One of the founding ideas of Boomerang Theatre Company is the concept of rotating repertory. When I mention this to people (designers, actors, even my Mom) I often get the look like I’m speaking Swahili (I get that look a lot from Mom). The idea seems easy to me…you rent a space, and then try to get as many performances to fill that space as you humanly can. Maximize your revenue, maximize the opportunities for artists, always seems like a win-win.

The idea came from when I was a young buck crossing the big pond for the first time in the winter of 1992. I was studying abroad for my junior year, and living in London about three blocks from the National Theatre. I was fascinated by the idea that you could have more than one show in a space at one time…how could that work? Did actors perform in multiple shows at the same time? How did you have to manage a space to retain flexibility yet be specific enough to serve each production fully? And from an audience standpoint, was it a plus or a minus? To me it seemed a plus, because you had the choice of seeing Greek tragedy on Monday or Moliere on Tuesday, for example. When setting up a company in New York in the late 90’s, only one company (the now defunct Jean Cocteau Rep) was running in rotating rep. Could it be done in NYC? More importantly, could it be done in Off-Off-Broadway (OOB)? Over the last 12 years, we have refined the model and made it work on the scale of OOB economics.

Rotating rep in OOB helps to control your costs. If you rent a theatre for four weeks, you can produce three shows and let them run in rep for 8 performances each. In theory, you can market all three separately or together (one postcard or eblast), and with a limited run like this you can increase the audience’s urgency to see the show (originally we modeled that after dance companies that did limited run seasons before taking shows on the road or pulling them out of rotation). You can reuse set pieces or props between shows, also cutting down your expenses. Creative collaboration between shows can even make the individual shows cheaper than doing them separately. And because of three shows running, potentially each of your audience members buys three tickets instead of just one.

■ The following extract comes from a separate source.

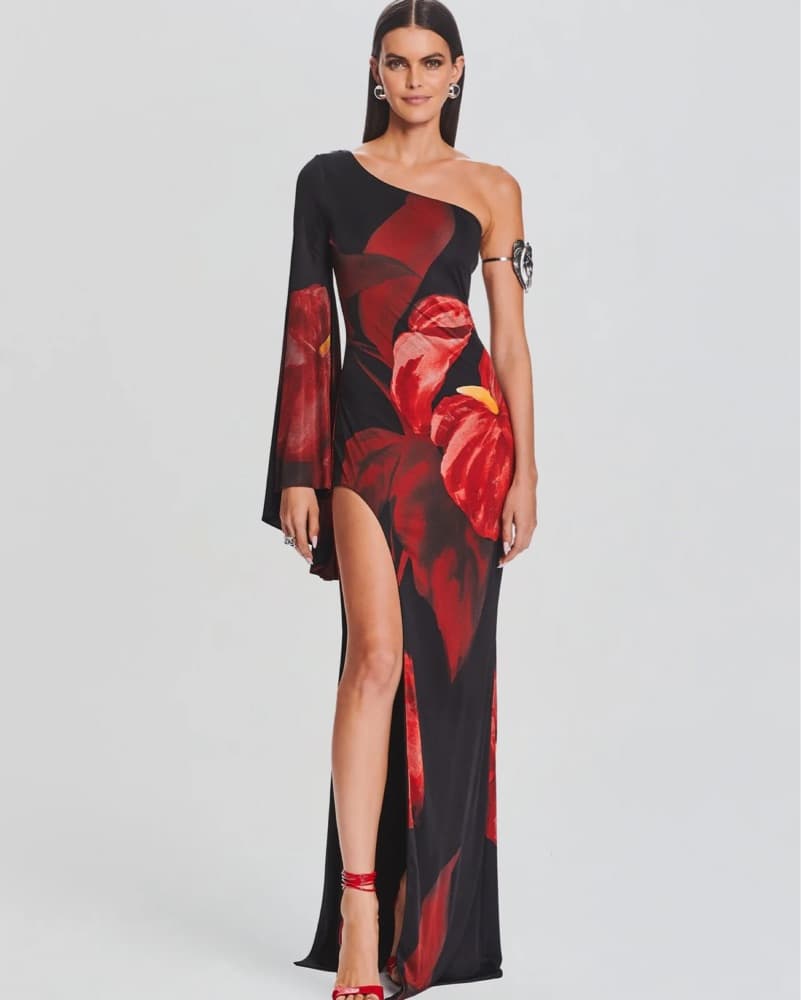 Retrofete Dress - Image 1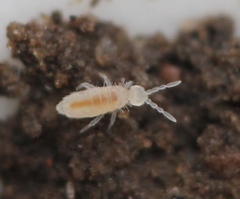 Coecobrya tenebricosa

From an artistic standpoint, Boomerang is always asked why three plays appear together in a rep season. More times than not, the shows are selected because I really want to do them, with any themes manifesting themselves after the fact. In 2004, we produced O’Neill’s BEYOND THE HORIZON with Kelly McAllister’s BURNING THE OLD MAN and Jason Sherman’s PATIENCE. All three shows were exciting individually, and huge challenges for the casts who worked on them. Just as we are preparing to begin rehearsal, someone said “Ya know, all three of these plays are about pairs of brothers dealing with what it means to be responsible to the other one”. After a moment of silence and awkward stares, I said “Well fuck yeah, sure. We knew that”. Um, not so much. I’m now of the mind that our shows (whatever three they happen to be in a given season) will inform each other in ways both subtle and broad, and that no matter how excellent an individual production might be, audiences will always get a fuller experience by seeing all three.

Since 1999 when we began producing rep seasons, the concept has been used by other OOB companies with much success, proving that the model can work for theaters this size. Yes, there are extra challenges of time, being smart with expenses and smart with people, but it can also provide you with the opportunity to produce a lot of work in a condensed amount of time and really inspire your company.